I met the family at the church and right away I could sense that there were some serious conversations going on. It seemed that 5-year-old Joseph had decided he did not want to play his part. First his sister tried to convince him that he needed to be on the stage since he had gone through all the practices and knew the words and the songs. Then his mother was leaning over, talking very quietly to him about how he needed to be on the stage; I could see him shaking his head no.

Shortly thereafter, he disappeared into the choir room, and at which time his mother said to his dad, "Why don't you go in and see if you can get him to do his part?" Dad said, as he looked through the window of the room, "There are already three women talking to him. I'm not sure I'll do much good at this point."

By the time the play started, Joseph was in the pew sitting by me. Only now he was thoroughly embarrassed that he didn't go on stage, so he covered his head with his coat much like an ostrich puts his head in the sand. I guess he was pretending he wasn't there.

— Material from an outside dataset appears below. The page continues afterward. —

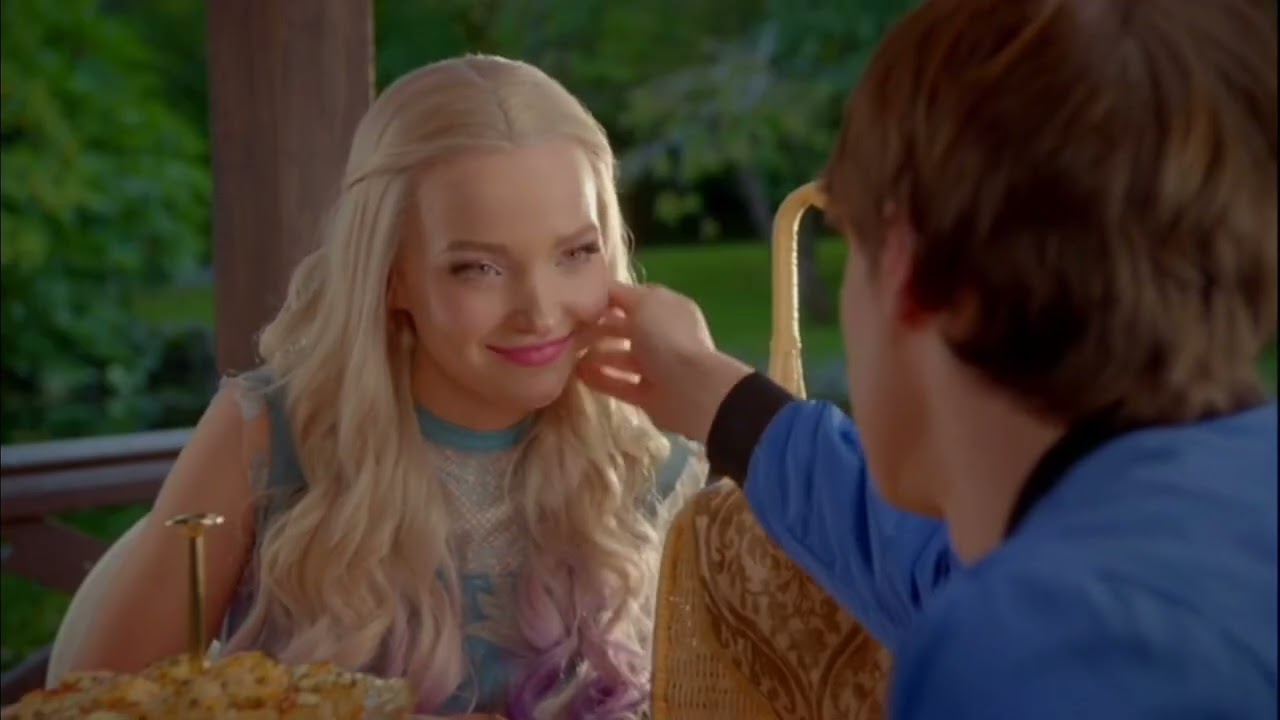 Mal + Ben (ft. Audrey)// you belong with me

Every once in awhile he would pull his head out from the coat, look at the tableau that was going on at the front of the church, and duck back under the safety of the jacket. Late in the production there was a musical number with all of the children singing, and I kept hearing a little hum underneath the coat; he was singing along.

We were commenting that at least according to this production, Mary was a single mother because Joseph had apparently skipped the celebration. By the end of the program he was able to emerge from the safety of the jacket and applaud along with the rest of us as the Jamaican Christmas program came to an end.

At this point, I'm not sure that a career on stage is in his plans.